Complete with a grim redesign to make him more menacing, Freddy is Craven’s anxieties about cinematic horror come to life and crawl out from behind the celluloid. There are even scenes showing Heather’s son Dylan (Miko Hughes) being hypnotized by the allure of the first Nightmare film, suggesting some concern about the accessibility of sensationalized bloodshed.
But New Nightmare isn’t simply a critique of a genre its director helped define. It also grabs slasher movies by the throat and drags them into a new age – one in which fans are no longer passive viewers but active fans. The movie is filled with visual and dialogue references that pay homage to the first film and reward dedication to the franchise. However, as the lines between film and reality blur for Heather and her son, the audience also gets exposed to the prison of nostalgia and stagnation they’ve helped cultivate. When Robert Englund shows up early in the movie to surprise a studio audience of rabid Freddy fans, the sequence is filmed with an almost cultish fervor, emphasizing the way modern culture worships the idea of Freddy while also turning him into a tap-dancing entertainer.
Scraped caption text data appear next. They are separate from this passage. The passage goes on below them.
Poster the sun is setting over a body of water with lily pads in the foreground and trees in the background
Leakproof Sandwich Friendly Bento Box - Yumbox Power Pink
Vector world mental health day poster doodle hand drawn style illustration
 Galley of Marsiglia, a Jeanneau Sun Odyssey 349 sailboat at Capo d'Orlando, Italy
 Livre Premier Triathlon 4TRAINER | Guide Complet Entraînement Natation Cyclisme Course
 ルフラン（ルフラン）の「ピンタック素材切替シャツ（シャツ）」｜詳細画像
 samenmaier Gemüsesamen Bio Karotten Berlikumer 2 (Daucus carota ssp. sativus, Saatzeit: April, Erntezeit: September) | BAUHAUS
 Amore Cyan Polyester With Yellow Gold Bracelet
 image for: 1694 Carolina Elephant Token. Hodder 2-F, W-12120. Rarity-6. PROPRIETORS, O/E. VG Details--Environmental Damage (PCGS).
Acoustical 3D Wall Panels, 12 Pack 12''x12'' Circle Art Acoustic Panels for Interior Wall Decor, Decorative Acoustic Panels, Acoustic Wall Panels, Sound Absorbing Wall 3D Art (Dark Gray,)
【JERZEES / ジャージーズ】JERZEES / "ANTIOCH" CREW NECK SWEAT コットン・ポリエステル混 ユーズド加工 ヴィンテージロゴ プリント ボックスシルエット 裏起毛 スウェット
But alongside Wes Craven’s razor-sharp wit and his unmistakable command over the forces of horror, New Nightmare marks a return to form by once again centering Heather Langenkamp’s vulnerability and resilience. Nancy Thompson is one of the most beloved Final Girls of all time and it’s because she’s compassionate, headstrong, and resourceful. Heather Langenkamp brings that same energy to playing herself as a mother and wife wrestling with the weight of her responsibilities to her family and the titanic consequences of fame.
The first half of the movie features a subplot in which Heather is the victim of an obsessive fan, something that happened to her in real-life while shooting the ABC sitcom Just the Ten of Us. Later on, Heather visits Wes Craven himself, who reveals that the evil stalking her was imprisoned within the first Nightmare on Elm Street movie, and now it’s up to her to imprison it once again by facing him head-on. Heather Langenkamp’s career was undoubtedly changed (for better or worse) by the success of that first movie, and the fact that she gets to reckon with the chaos of stardom by once again defeating the fictional evil that put her on the map is a beautiful and moving tribute from a director to one of his most cherished collaborators.
There’s so much going on in New Nightmare that it’d be easy to overlook the most crucial aspect of the film: the artistic catharsis it brought Wes Craven. The film opens with the creation of a new bladed glove, another reference to the original, before pulling out to reveal that the glove is an animatronic on a bustling film set. The voyeuristic mundanity of the scene is soon shattered when the glove comes to life and murders the SFX crew. Wes Craven made no secret of the fact that he never intended for A Nightmare on Elm Street to become a franchise, but in the dreamscape that is Hollywood, an idea can expand and grow larger than life if the demand for it is great enough.
After the evil has been defeated and the cataclysm averted, the movie ends on a quiet and intimate note: Heather and Dylan, safe but alone, opening the screenplay for the film and re-reading the events that have just befallen them. With New Nightmare, Craven was given the chance to deliver last rites to a franchise that he birthed and baptized in the first place, and those closing moments put Freddy to bed with a finality that feels like the ending of a bad dream.
Wes Craven’s New Nightmare is streaming on HBO Max through November 30.